*** Opening of SOURCE DATA ***

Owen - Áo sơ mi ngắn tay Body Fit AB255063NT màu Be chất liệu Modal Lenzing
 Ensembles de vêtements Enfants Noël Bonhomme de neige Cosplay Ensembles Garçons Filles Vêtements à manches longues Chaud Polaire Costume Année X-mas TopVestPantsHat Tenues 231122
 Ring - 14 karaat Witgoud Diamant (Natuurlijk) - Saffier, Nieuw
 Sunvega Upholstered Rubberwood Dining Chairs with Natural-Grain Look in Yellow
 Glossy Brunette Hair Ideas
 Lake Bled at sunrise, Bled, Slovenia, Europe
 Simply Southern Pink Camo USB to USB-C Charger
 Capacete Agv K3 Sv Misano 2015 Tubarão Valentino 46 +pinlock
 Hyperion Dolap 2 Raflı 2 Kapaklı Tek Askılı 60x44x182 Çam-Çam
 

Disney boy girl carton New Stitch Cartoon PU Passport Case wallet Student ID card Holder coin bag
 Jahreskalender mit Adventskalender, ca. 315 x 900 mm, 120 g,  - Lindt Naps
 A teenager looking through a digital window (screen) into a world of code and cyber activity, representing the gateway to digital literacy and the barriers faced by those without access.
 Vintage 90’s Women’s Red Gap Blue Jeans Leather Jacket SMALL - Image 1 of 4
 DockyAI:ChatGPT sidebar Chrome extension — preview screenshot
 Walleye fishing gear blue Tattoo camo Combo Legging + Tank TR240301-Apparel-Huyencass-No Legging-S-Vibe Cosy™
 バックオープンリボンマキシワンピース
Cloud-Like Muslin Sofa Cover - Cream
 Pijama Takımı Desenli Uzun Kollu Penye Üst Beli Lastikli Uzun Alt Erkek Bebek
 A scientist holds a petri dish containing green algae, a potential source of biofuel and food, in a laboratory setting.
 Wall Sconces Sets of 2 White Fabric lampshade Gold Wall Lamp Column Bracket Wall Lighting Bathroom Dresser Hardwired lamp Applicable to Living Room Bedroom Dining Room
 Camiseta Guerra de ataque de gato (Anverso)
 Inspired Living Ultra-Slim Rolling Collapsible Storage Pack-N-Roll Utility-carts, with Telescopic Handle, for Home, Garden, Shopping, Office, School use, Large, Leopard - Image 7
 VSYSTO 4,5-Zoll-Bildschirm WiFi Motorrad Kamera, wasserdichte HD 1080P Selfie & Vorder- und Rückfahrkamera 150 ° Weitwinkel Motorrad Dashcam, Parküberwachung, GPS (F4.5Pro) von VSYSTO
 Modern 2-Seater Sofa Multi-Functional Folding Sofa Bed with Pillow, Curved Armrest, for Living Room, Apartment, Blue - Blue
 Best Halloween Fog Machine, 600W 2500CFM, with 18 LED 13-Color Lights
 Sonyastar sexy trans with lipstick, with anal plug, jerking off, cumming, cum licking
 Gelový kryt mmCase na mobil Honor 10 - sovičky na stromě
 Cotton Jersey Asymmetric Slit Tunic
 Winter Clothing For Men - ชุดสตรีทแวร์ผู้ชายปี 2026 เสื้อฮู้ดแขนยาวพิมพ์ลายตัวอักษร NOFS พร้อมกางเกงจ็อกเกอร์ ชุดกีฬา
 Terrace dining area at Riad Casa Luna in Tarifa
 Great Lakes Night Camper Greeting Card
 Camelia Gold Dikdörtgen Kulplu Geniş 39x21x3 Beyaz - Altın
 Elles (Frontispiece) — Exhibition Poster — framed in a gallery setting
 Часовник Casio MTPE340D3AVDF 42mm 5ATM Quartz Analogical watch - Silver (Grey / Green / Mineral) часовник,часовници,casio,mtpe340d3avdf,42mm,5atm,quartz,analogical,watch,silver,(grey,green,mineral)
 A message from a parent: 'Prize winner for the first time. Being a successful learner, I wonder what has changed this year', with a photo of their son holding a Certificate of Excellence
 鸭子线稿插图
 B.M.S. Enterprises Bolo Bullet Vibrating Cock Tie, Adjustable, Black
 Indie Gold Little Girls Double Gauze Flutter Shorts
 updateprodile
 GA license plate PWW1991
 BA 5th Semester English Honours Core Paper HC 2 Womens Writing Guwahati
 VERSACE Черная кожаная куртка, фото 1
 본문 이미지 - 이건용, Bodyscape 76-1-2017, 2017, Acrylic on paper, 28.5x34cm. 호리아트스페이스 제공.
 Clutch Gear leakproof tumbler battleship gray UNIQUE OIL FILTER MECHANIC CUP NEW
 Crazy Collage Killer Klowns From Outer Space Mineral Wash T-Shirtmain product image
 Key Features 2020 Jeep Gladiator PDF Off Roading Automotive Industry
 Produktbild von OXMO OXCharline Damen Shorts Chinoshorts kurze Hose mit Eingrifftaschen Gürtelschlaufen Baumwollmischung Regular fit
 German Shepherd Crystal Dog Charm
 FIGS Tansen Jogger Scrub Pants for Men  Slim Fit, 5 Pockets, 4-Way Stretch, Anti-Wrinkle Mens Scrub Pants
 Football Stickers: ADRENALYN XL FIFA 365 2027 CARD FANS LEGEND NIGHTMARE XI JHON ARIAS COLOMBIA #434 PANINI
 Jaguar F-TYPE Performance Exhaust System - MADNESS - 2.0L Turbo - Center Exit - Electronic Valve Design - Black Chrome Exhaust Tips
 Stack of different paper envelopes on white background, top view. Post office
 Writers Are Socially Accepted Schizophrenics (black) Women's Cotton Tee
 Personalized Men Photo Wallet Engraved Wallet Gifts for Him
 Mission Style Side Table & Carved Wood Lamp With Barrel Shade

*** Close of SOURCE DATA ***

TASK -
Only the lines above starting at the line that holds "Simply Southern Pink" and ending at the line that holds "DockyAI:ChatGPT sidebar Chrome" are to be repeated, exactly and in full.

TASK RESULT -
 Simply Southern Pink Camo USB to USB-C Charger
 Capacete Agv K3 Sv Misano 2015 Tubarão Valentino 46 +pinlock
 Hyperion Dolap 2 Raflı 2 Kapaklı Tek Askılı 60x44x182 Çam-Çam
 

Disney boy girl carton New Stitch Cartoon PU Passport Case wallet Student ID card Holder coin bag
 Jahreskalender mit Adventskalender, ca. 315 x 900 mm, 120 g,  - Lindt Naps
 A teenager looking through a digital window (screen) into a world of code and cyber activity, representing the gateway to digital literacy and the barriers faced by those without access.
 Vintage 90’s Women’s Red Gap Blue Jeans Leather Jacket SMALL - Image 1 of 4
 DockyAI:ChatGPT sidebar Chrome extension — preview screenshot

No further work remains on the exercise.